Pasear por Jerusalén produce una sensación extraña. Dos metros por encima de tu cabeza, hay cámaras de seguridad que te observan, y la presencia de patrullas de soldados armados hasta los dientes es constante. En todo momento te sientes observado, las fuerzas del orden te tratan como a un sospechoso y tú mismo te acabas sintiendo culpable, de forma inconsciente y angustiosa, de haber hecho algo prohibido.
De un callejón lleno de pintadas en árabe suben ahora decenas de hombres que salen de la mezquita con pequeñas alfombras o esteras de playa colgadas del hombro. Camino hacia allí pero, al llegar al acceso de Al Aqsa, un fusil de interpone en mi camino: “¿Adónde va? ¿De dónde es? ¿Es musulmán?”, me interpela un militar con la mirada fija. “Está cerrado; vuelva mañana”.
La iluminación es escasa, la basura se amontona en los portales. Hace un momento he visto a unos niños tirar petardos a los pies de un judío vestido de negro que ha salido corriendo por un callejón. El barrio hebreo tiene que estar cerca.

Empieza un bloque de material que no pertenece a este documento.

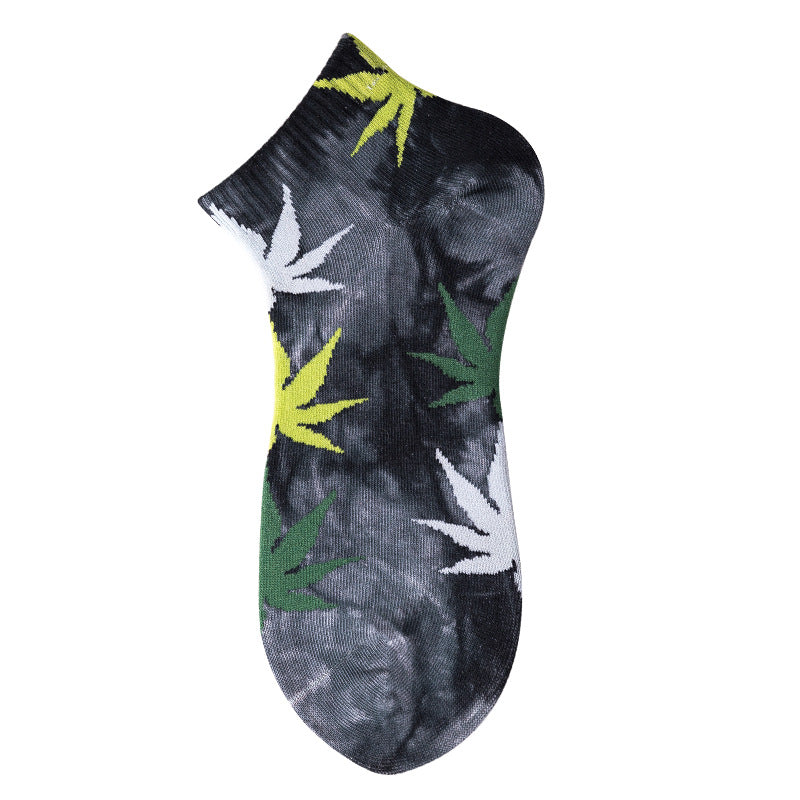 Tie-dye Shallow Cotton Boat Socks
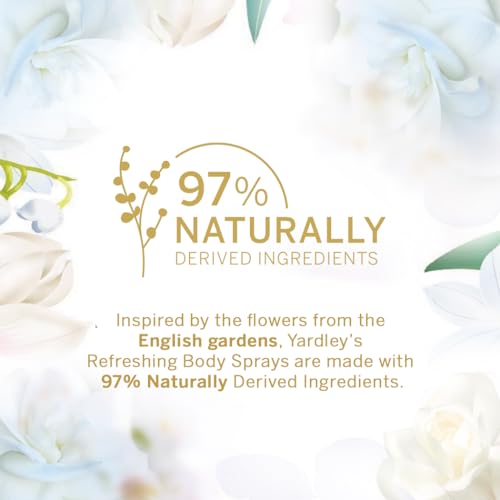 Yardley London English Daisy Body Spray - 200ml Elegant Dewy Fresh Green Floral Fragrance Sandalwood & Musk Long Lasting Fragrance & Odor Protection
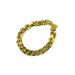 Gold Link Chain Necklace for Dogs - 27 cm - Tiny Bling for Small Dog or Puppy - Lightweight Braided Metal Look - Fits Chihuahua, Yorkie, Mini Breeds,Cute Pet Jewelry and Accessories (Gold) Gold-1Pcs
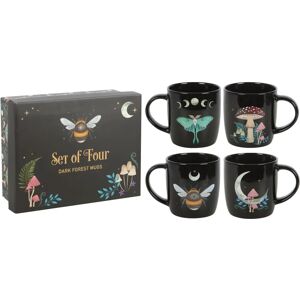 Dark Forest Mystical Mug Set - 4 pcs - 350ml Dark Forest Mystical Mug Set - 4 pcs - 350ml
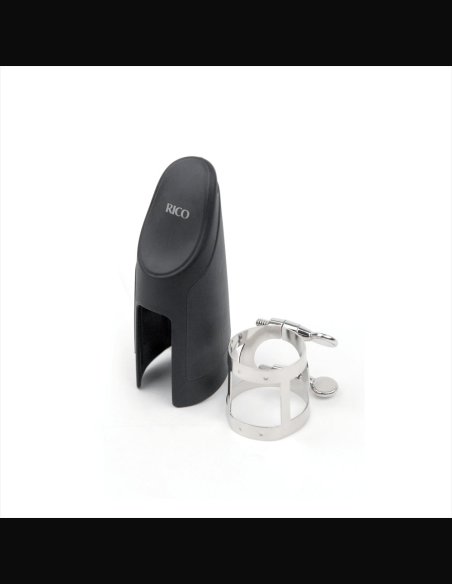 Rico RAS1N Ligature & Cap Sax Alto Nikel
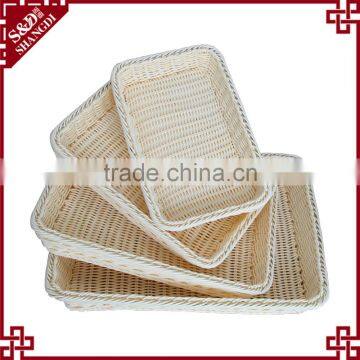 Wholesales Beautiful Plastic Hand Basket for Storage Hotel Toiletries Clean Tool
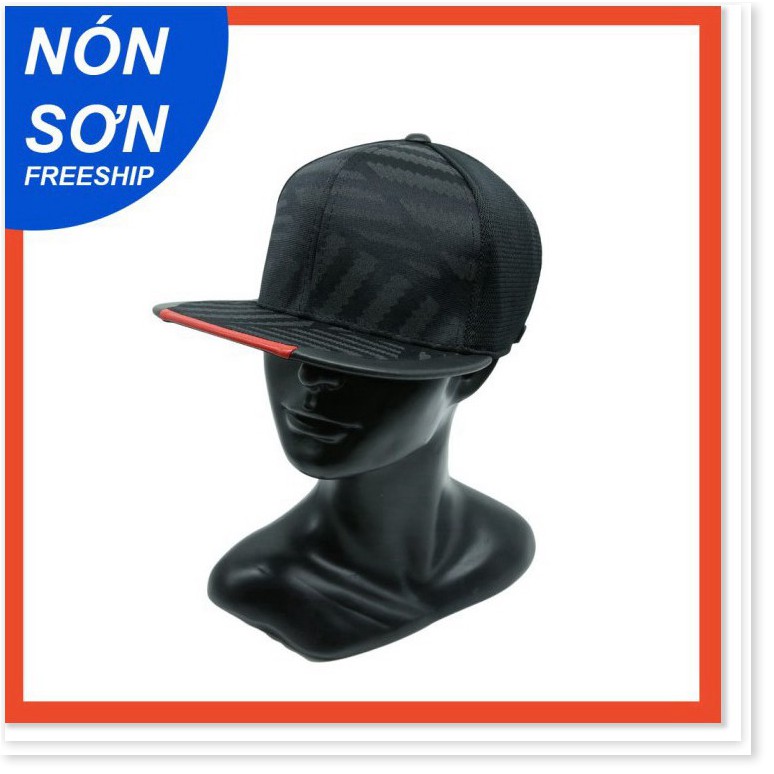 Mũ snapback hiphop nam nữ NÓN SƠN  MC210Đ-ĐN1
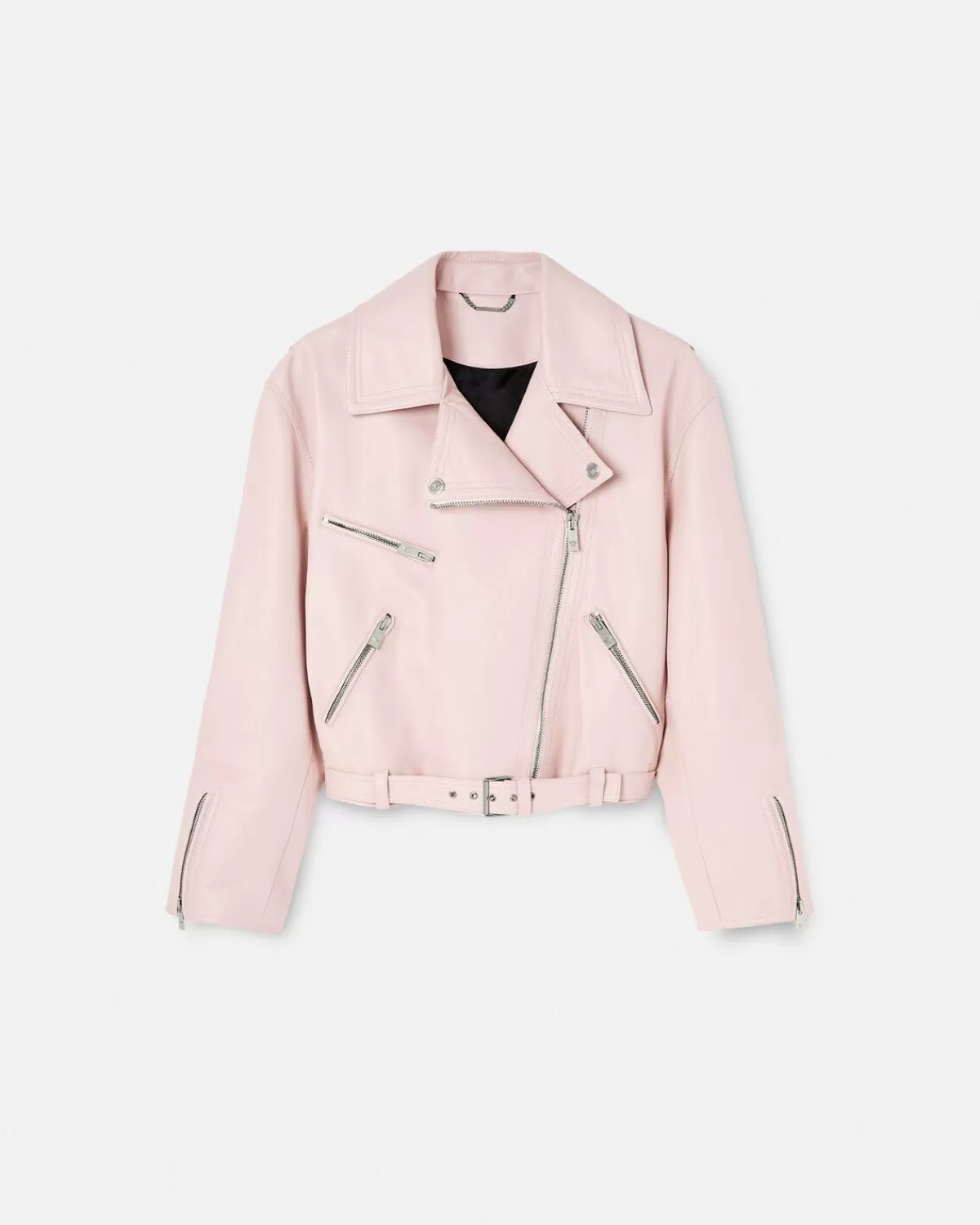 Femme Versace Blouson De Motard En Cuir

Tuerzo a mano izquierda, recorro diez metros por un pasaje que parecía no llevar a ningún sitio, y, en un abrir y cerrar de ojos, aparezco en otro mundo, limpio, impoluto y radiante.
En el barrio judío todo funciona, los edificios están restaurados, hay papeleras, bonitas farolas y cabinas telefónicas, tiendas de recuerdos, galerías de arte y un sinfín de carteles informativos. Aquí sí, los rabinos pasean con sus esposas y su prole con toda confianza. En una plaza, sentadas alrededor de una fuente, unas adolescentes norteamericanas juegan, felices, acompañadas de banderas con la estrella de David sin que nada ni nadie las inquiete.
De vuelta al barrio árabe, el contraste vuelve a ser de impacto. De una de las paredes de un cyber café cuelga una foto impresionante. En la imagen se ve un tanque que avanza de frente, y ante él, sobre su trayectoria, la figura de un niño de siete u ocho años que le planta cara armado con una piedra.
Estoy en la ciudad tres veces santa, la Jerusalén cristiana, la Yerushalayim hebrea, la Al Quds musulmana. La ciudad donde, en palabras de Alí Bey, los fieles de cada religión tratan al resto de “cismáticos e infieles; creyendo cada rito firmemente poseer sólo la verdadera luz del cielo y tener derecho exclusivo al paraíso, envía caritativamente al infierno al resto de los hombres que no son de su opinión”.
Algunos la consideran el centro del mundo. Para otros es la ciudad del fin del mundo.